RECORDS FOR THIS TASK START

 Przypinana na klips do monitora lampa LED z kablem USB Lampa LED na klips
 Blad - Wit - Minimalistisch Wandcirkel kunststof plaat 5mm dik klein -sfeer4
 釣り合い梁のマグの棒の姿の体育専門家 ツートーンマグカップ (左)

RECORDS FOR THIS TASK END
RECORDS FOR THIS TASK START

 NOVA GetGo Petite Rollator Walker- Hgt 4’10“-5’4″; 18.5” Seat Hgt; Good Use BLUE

RECORDS FOR THIS TASK END
RECORDS FOR THIS TASK START

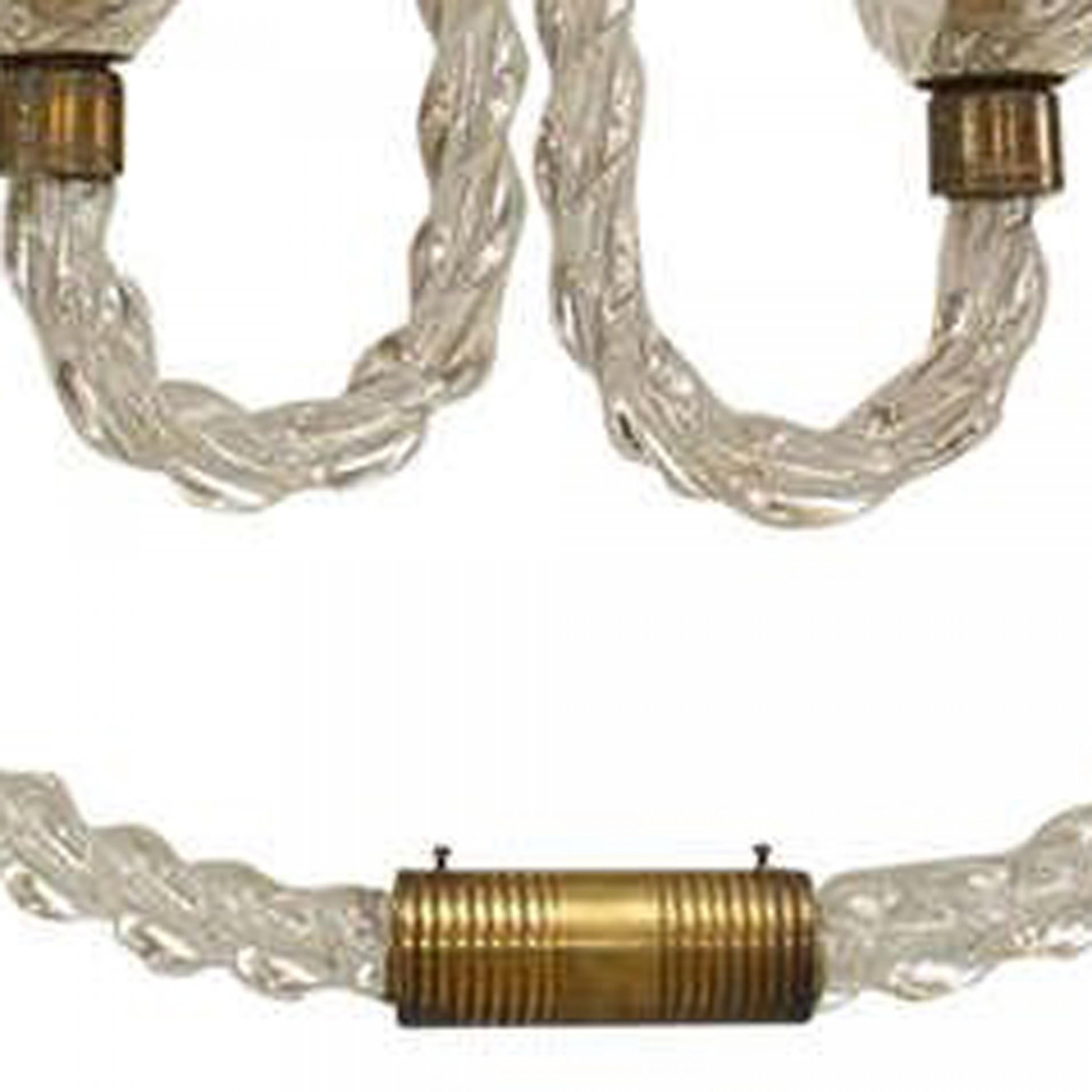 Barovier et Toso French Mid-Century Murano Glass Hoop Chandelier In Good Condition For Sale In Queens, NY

RECORDS FOR THIS TASK END

PROBLEM DETAILS - Please output the lines of the listing above that fall in the stretch from the one with "Przypinana na klips" through the one with "釣り合い梁のマグの棒の姿の体育専門家 ツートーンマグカップ (左)", exactly and only those.

ANSWER TO THIS EXERCISE -
 Przypinana na klips do monitora lampa LED z kablem USB Lampa LED na klips
 Blad - Wit - Minimalistisch Wandcirkel kunststof plaat 5mm dik klein -sfeer4
 釣り合い梁のマグの棒の姿の体育専門家 ツートーンマグカップ (左)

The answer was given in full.